Better Services, Easier Shopping

Source: PEKING REVIEW Vol.1 No.4, March 25, 1958

Transcribed for www.wengewang.org

One afternoon customers queued up in front of a barber shop in the eastern suburbs of Peking. But the people in the queue weren’t waiting for a haircut. They were waiting their turn for the yichienpu— the “Opinions Book,” which is a feature in shops in China — to write In their praise of the improved service of the past few weeks. So many people wanted to express their appreciation that they had to form a queue. “Your service is as good as the department store at Tienchiao,” (which, in Peking these days, is a household word for excellent services) one of the customers wrote.

Speaking of queues, you see less and less of them. The worst queues used to be at the booking offices —at railway stations and theatres. Now in Shanghai, railway ticket windows arc open day and night. This round-the-clock service, which began on March 13, has put an end to queues, to the acclaim of all passengers. In Peking, one of the Peking opera houses outside Chienmen Gate keeps its box-office open 24 hours a day.

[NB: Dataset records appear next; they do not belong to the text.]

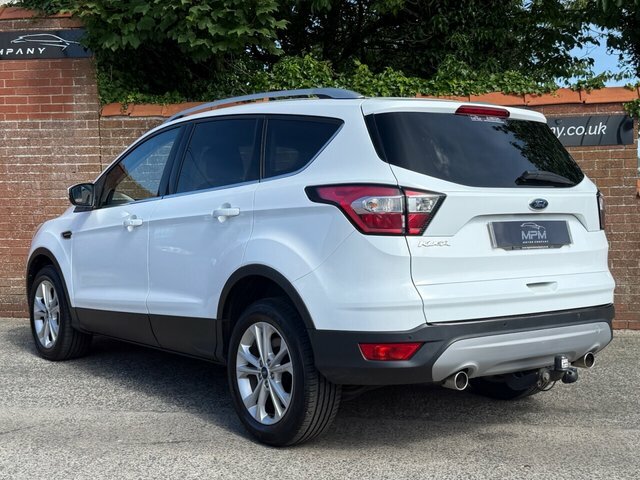 Ford Kuga 2.0 Tdci Titanium Suv Euro 6 S WO66ZFU White #6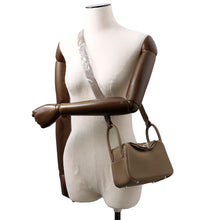 Load image into Gallery viewer, HERMES Lindy Mini Etoupe Taurillon Clemence Size Mini
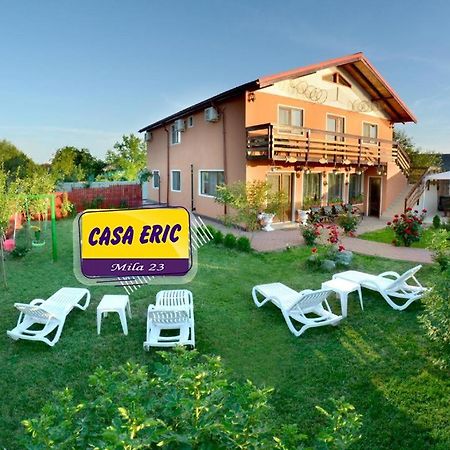 Отель Casa Eric Мила-Доуэзечи-ши-Трей Экстерьер фото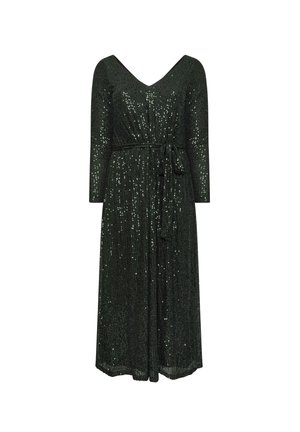 Vestido verde de lentejuelas con escote en V, mangas tres cuartos, cintura ceñida con cinturón y falda fluida. Textura brillante en toda la prenda.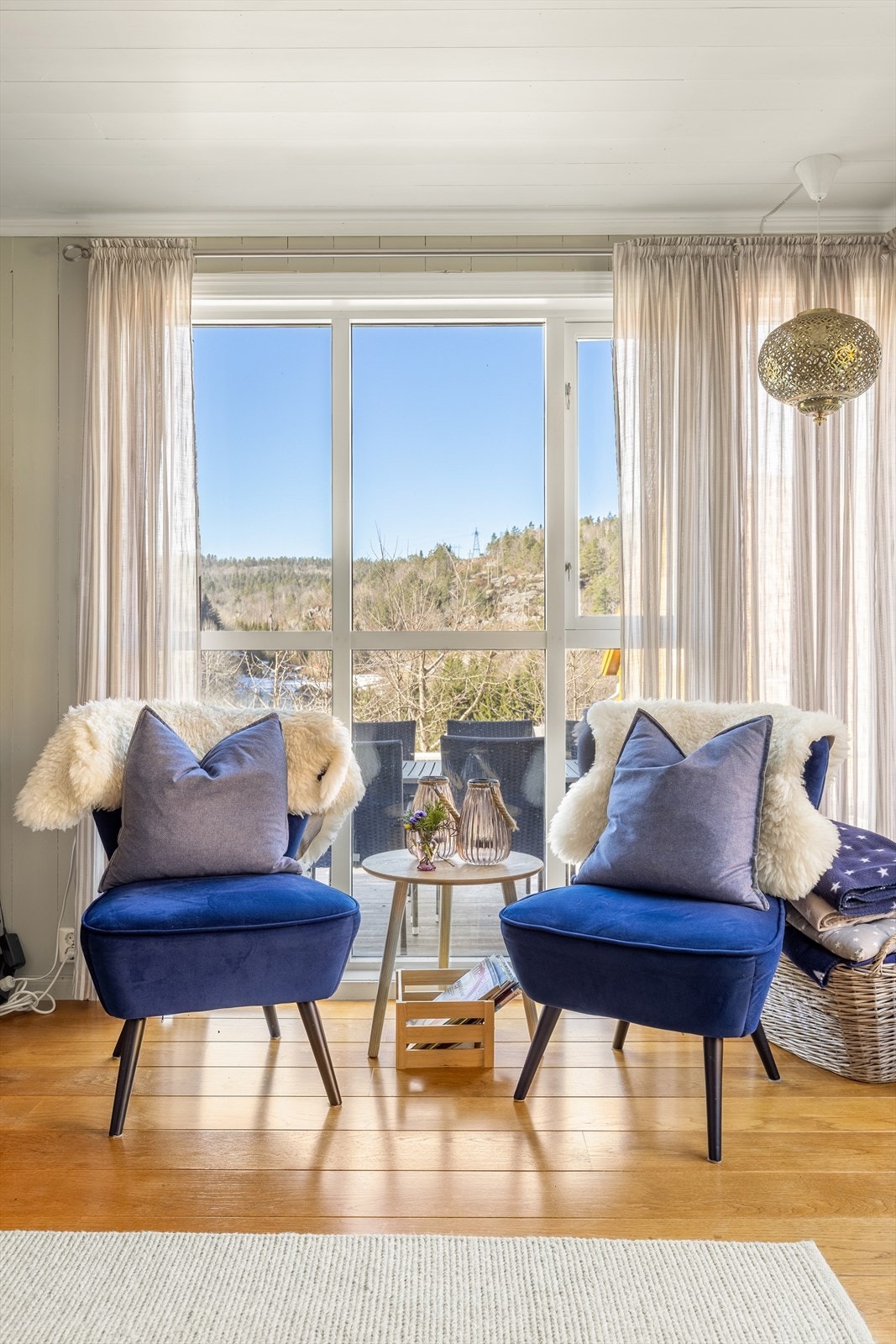 Store vindusflater Galleribilde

Theatres are producing more shows and putting on extra performances in the cities. Troupes take their shows to the factories and the co-operatives. Before, only second and third rate theatrical companies went on the road. Now top-notch actors and actresses are making personal appearances at the mines and factories and on makeshift stages in the countryside. The Shanghai Philharmonic Orchestra, which used to be quite sheltered, has broken with its tradition and is now performing for factory workers at their canteens. Yu Yi-hsuan, one of China’s leading sopranos, sang at an out-of-the-way small teahouse in Tientsin with a capacity audience of only 200, to the delight of very surprised customers.

Two women hurriedly came into a new shop near the railway station in Wuhan. One had forgotten her toilet articles and the other wanted some warm garment for the trip. They were happy to find a shop open at eleven p.m. They got what they wanted. It is a new type of shop known as the “morning-and-night shop” and is open when other shops are closed — from 6 a.m. to 9 a.m. and from 8:30 p.m. to midnight.

Housewives are grateful to the rectification campaign in more ways than one, because it has made shopping easier for them. Grocers are making the rounds of the streets and grain stores now deliver the housewives’ orders to their doorsteps.

Whereas before they had to get out early in the morning and queue up for their meat, they can now buy meat in the afternoon too. The butchers give extra service, cutting up the meat the way the customer desires — slices, slivers, cubes, etc. One housewife was so pleased with the service of the butcher that the first thing she did when she got home was to ask her granddaughter to write “Excellent Service” in bold characters on a piece of red paper to be sent to the butcher.